RAW DATA =
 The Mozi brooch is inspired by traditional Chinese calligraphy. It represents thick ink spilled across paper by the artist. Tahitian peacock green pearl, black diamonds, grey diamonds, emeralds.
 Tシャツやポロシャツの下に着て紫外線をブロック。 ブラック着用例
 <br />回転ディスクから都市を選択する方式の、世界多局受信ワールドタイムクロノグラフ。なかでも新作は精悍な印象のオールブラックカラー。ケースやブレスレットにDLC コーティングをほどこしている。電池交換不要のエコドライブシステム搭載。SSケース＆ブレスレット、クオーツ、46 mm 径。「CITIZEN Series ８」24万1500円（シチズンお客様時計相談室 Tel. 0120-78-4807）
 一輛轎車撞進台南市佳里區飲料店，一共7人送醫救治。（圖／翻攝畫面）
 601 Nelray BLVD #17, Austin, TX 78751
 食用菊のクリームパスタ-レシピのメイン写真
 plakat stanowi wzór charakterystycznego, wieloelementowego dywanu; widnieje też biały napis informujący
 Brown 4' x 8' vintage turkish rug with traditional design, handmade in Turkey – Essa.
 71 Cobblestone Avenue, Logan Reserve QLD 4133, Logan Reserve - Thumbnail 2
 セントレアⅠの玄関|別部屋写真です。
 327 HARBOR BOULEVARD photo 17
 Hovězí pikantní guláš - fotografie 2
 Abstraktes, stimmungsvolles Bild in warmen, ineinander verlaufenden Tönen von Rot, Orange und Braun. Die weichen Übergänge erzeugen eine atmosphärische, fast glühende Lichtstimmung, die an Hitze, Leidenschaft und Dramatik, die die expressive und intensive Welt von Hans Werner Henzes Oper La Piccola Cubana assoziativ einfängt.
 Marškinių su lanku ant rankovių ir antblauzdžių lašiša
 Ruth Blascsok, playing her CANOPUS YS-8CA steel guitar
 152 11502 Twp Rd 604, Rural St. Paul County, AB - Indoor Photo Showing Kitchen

WORK TO COMPLETE = In the entries above, the lines from the one bearing "Tシャツやポロシャツの下に着て紫外線をブロック。 ブラック着用例" up to and including the one bearing "８」24万1500円（シチズンお客様時計相談室 Tel. 0120-78-4807）" should be transcribed exactly; no other line is wanted.

RESPONSE AREA =
 Tシャツやポロシャツの下に着て紫外線をブロック。 ブラック着用例
 <br />回転ディスクから都市を選択する方式の、世界多局受信ワールドタイムクロノグラフ。なかでも新作は精悍な印象のオールブラックカラー。ケースやブレスレットにDLC コーティングをほどこしている。電池交換不要のエコドライブシステム搭載。SSケース＆ブレスレット、クオーツ、46 mm 径。「CITIZEN Series ８」24万1500円（シチズンお客様時計相談室 Tel. 0120-78-4807）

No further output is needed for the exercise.